[WHAT TO DO] Could you set down the listing below exactly, leaving out its pictures?

[GIVEN MATERIAL]

-*-*-

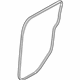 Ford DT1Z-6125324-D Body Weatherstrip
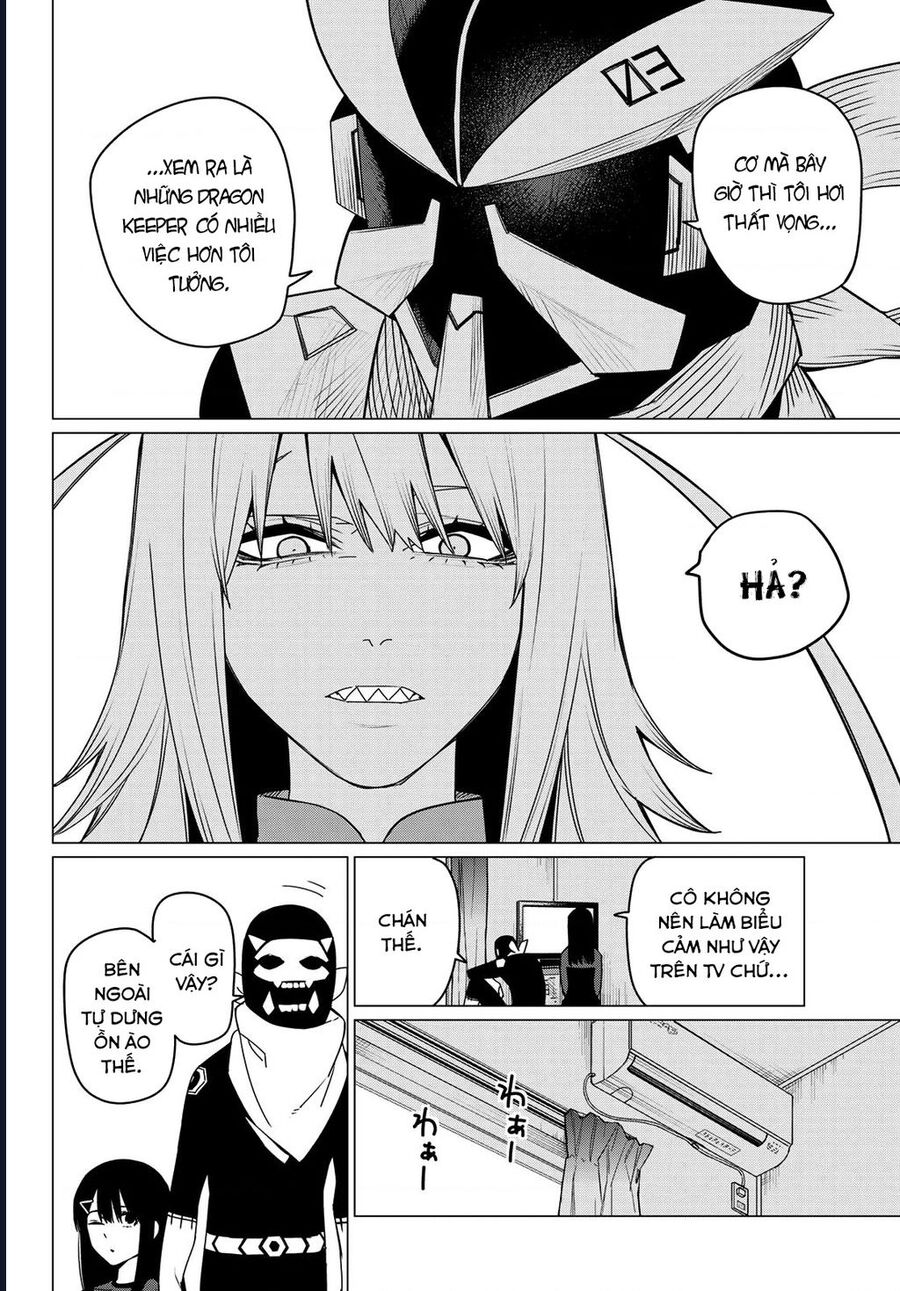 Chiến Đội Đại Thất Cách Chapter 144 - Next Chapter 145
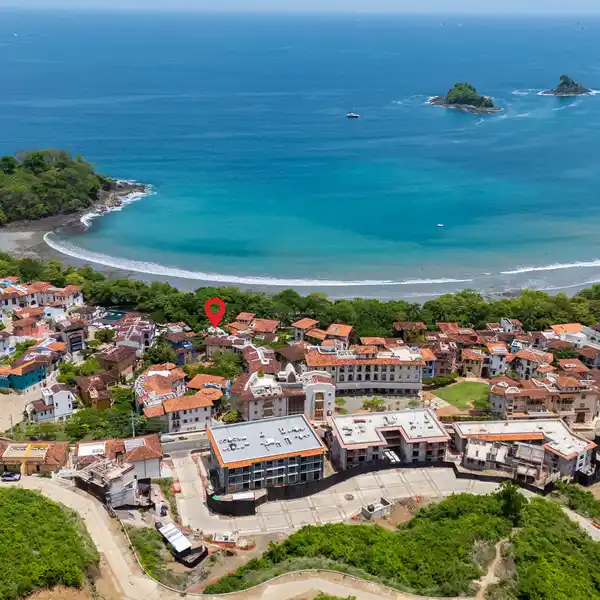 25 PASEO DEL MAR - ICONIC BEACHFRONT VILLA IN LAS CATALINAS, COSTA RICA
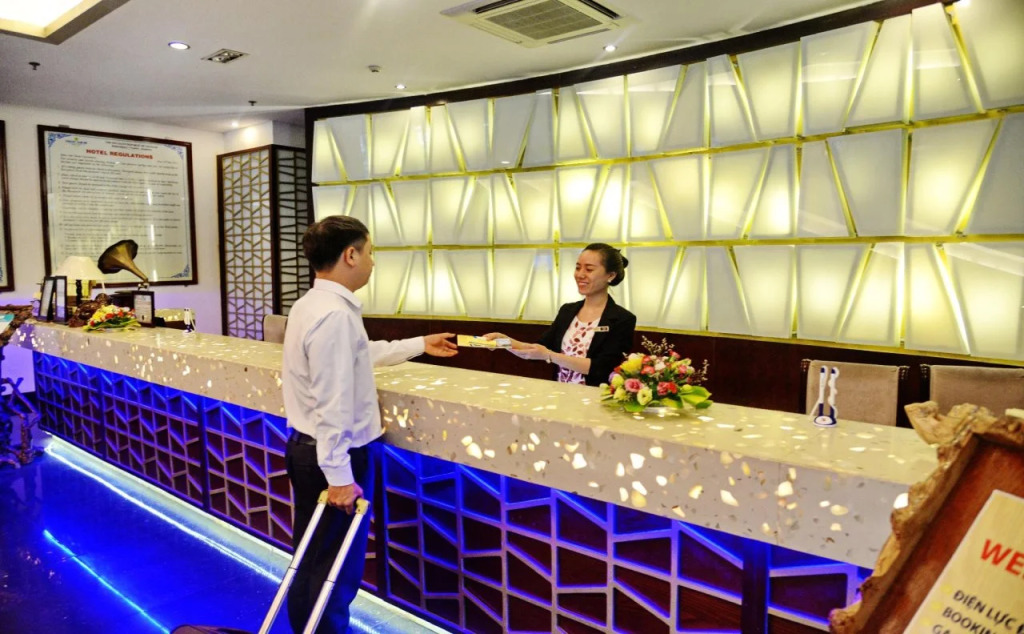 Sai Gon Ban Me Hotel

-*-*-

[WRITTEN SOLUTION]
 Ford DT1Z-6125324-D Body Weatherstrip
 Chiến Đội Đại Thất Cách Chapter 144 - Next Chapter 145
 25 PASEO DEL MAR - ICONIC BEACHFRONT VILLA IN LAS CATALINAS, COSTA RICA
 Sai Gon Ban Me Hotel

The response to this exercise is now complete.